Haverá, de qualquer forma, alguma aceleração inflacionária em cruzeiros no período em que estiver em vigência a URV como índice-moeda. Por isso, é conveniente que a duração dessa fase seja curta, limitada a, no máximo, dois meses. Esse período não será suficiente para que todos os preços sejam convertidos pela média. Mas não é isto o que se quer da fase URV.
Esta fase não existirá para que se possam equilibrar plenamente todos os preços relativos. Isto só existe em modelo econômico, não na realidade. Nesta, se se deixar prolongar a fase URV, as distorções sobrevenientes poderão ser maiores do que o equilíbrio a ser alcançado. O que se quer simplesmente com a fase URV é dar uma oportunidade aos agentes econômicos converterem seus preços antes da reforma monetária.
Por outro lado, é preciso entender que a decisão de conversão dos preços para URV não é uma decisão pesada, irreversível, já que não haverá congelamento. Se a conversão for insatisfatória, o agente econômico poderá sempre revê-la. O governo tem um compromisso claro de não congelar preços e será irracional não manter esse compromisso. Tão irracional quanto seria atrasar a URV.
O risco que o Plano FHC realmente enfrenta, na conversão para a URV, é o da conversão dos salários. Esta terá também que ser feita pela média. Especialmente a conversão do salário mínimo, cuja média, nos últimos 12 meses, foi de aproximadamente 67 dólares. Se o governo não tem condições políticas de assegurar essa regra de conversão é inútil tentar estabilizar.
O argumento de que na indústria houve aumento de produtividade que justificaria aumentos reais de salários não se sustenta. Os salários reais só podem aumentar com o aumento da produtividade geral da economia, que se mede pelo aumento da renda por habitante.
Finalmente, argumenta-se que a URV enfrenta problemas práticos. Como converter para URV os preços nos supermercados? Nas passagens de ônibus? Como indexar os impostos sem enfrentar problemas jurídicos adicionais?
Ora, em primeiro lugar, não é necessário converter todos os preços para a URV. Novamente, só em modelo isto é necessário, não na prática. Em segundo lugar, nada impede que os impostos continuem a ser indexados pela Ufir. Basta que a variação desta acompanhe rigororsamente a variação da URV.
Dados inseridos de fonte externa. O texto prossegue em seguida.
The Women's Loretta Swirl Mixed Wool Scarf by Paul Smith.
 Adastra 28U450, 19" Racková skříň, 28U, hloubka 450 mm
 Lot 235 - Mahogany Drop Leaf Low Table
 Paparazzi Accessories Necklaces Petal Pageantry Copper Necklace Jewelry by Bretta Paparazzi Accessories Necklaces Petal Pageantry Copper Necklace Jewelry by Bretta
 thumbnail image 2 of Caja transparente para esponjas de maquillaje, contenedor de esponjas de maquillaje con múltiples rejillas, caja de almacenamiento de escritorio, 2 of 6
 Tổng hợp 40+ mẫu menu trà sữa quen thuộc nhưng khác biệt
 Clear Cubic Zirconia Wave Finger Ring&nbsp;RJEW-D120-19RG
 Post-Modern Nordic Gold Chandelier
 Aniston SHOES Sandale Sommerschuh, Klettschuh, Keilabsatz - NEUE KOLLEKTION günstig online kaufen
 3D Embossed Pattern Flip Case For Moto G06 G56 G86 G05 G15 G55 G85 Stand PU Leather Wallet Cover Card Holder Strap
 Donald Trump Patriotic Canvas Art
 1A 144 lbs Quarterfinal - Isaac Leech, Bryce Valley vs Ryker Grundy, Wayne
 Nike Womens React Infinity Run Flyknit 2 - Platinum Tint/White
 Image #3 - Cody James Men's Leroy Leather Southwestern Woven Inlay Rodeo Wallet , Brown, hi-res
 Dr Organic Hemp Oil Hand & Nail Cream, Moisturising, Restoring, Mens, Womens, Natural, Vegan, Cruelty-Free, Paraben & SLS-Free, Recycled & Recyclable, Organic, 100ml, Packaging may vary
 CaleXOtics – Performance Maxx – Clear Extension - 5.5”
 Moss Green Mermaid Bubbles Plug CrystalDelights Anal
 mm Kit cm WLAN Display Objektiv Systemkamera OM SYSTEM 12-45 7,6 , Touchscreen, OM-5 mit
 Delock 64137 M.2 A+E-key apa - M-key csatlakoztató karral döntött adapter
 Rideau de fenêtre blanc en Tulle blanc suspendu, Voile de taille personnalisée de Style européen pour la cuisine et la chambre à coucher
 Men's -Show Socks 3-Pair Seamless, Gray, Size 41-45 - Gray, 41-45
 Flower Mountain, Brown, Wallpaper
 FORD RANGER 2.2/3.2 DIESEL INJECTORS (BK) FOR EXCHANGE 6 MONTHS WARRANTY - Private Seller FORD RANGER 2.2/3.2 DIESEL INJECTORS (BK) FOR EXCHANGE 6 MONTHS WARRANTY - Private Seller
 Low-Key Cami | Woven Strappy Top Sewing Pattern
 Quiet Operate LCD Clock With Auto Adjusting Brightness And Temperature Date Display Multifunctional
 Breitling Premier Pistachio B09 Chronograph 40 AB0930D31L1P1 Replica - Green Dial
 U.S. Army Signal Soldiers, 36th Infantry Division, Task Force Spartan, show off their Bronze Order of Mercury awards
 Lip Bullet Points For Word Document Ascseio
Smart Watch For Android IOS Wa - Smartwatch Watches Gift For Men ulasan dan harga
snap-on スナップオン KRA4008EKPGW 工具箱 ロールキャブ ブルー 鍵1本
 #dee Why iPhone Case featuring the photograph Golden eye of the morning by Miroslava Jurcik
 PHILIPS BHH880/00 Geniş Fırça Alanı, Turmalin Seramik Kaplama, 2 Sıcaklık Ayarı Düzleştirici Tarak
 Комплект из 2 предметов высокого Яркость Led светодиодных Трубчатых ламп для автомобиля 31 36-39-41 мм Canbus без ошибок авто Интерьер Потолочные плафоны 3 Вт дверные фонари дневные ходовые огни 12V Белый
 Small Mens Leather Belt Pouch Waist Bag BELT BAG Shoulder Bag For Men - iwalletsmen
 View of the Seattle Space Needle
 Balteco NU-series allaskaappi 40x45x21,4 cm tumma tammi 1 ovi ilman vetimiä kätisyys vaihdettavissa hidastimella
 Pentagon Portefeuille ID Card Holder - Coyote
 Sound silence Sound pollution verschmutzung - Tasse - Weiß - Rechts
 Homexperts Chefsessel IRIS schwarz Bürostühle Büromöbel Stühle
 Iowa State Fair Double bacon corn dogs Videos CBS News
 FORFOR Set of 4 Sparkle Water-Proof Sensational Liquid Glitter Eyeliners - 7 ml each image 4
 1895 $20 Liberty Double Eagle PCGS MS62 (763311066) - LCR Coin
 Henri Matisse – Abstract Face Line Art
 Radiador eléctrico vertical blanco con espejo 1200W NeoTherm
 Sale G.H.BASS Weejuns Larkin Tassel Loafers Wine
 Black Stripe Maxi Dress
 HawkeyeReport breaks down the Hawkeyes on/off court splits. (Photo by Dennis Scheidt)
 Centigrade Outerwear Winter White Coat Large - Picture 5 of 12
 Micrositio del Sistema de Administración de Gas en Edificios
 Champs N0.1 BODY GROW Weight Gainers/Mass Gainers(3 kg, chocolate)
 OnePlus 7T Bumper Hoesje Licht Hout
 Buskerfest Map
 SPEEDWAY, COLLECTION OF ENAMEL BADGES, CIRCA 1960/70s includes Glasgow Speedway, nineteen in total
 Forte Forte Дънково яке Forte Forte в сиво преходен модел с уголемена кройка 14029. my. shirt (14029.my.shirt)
É compreensível que haja dúvidas em relação ao Plano FHC. Afinal, trata-se de uma estratégia contra a inflação sofisticada, de difícil compreensão. A fase URV permite um razoável equilíbrio dos preços relativos, uma razoável neutralização dos efeitos distributivos originados na defasagem dos aumentos de preços. Garante, assim, que, após a reforma monetária que extinguirá o cruzeiro real e transformará a URV em real, o resíduo inflacionário na nova modeda seja pequeno.
Desta forma será possível controlar a alta inflação sem recurso seja ao congelamento, seja à hiperinflação. É, portanto, o mecanismo imperfeito, mas essencial da fase URV –que transformam o Plano FHC na primeira tentativa realmente séria de controle da inflação desde 1990. Será um crime contra o país não aproveitar esta oportunidade, seja pela resistência dos políticos, seja pela insegurança dos economistas em relação ao seu próprio instrumental técnico.